**WHAT THIS TASK INVOLVES:** From the records below, transcribe only the lines running from the one with "Craft Patterns - Harry Beary & Witty Kitty" through the one with "eakcustom AUDİ A1". Keep both of those end lines.

**GIVEN INFORMATION:**
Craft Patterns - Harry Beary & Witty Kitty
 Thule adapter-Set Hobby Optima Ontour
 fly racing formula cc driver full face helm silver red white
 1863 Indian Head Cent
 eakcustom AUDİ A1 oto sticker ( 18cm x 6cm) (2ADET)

==

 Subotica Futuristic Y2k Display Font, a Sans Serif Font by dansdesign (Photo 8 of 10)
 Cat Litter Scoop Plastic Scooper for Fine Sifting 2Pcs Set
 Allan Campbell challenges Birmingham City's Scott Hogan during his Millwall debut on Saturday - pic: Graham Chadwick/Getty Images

**PROBLEM SOLUTION:**
Craft Patterns - Harry Beary & Witty Kitty
 Thule adapter-Set Hobby Optima Ontour
 fly racing formula cc driver full face helm silver red white
 1863 Indian Head Cent
 eakcustom AUDİ A1 oto sticker ( 18cm x 6cm) (2ADET)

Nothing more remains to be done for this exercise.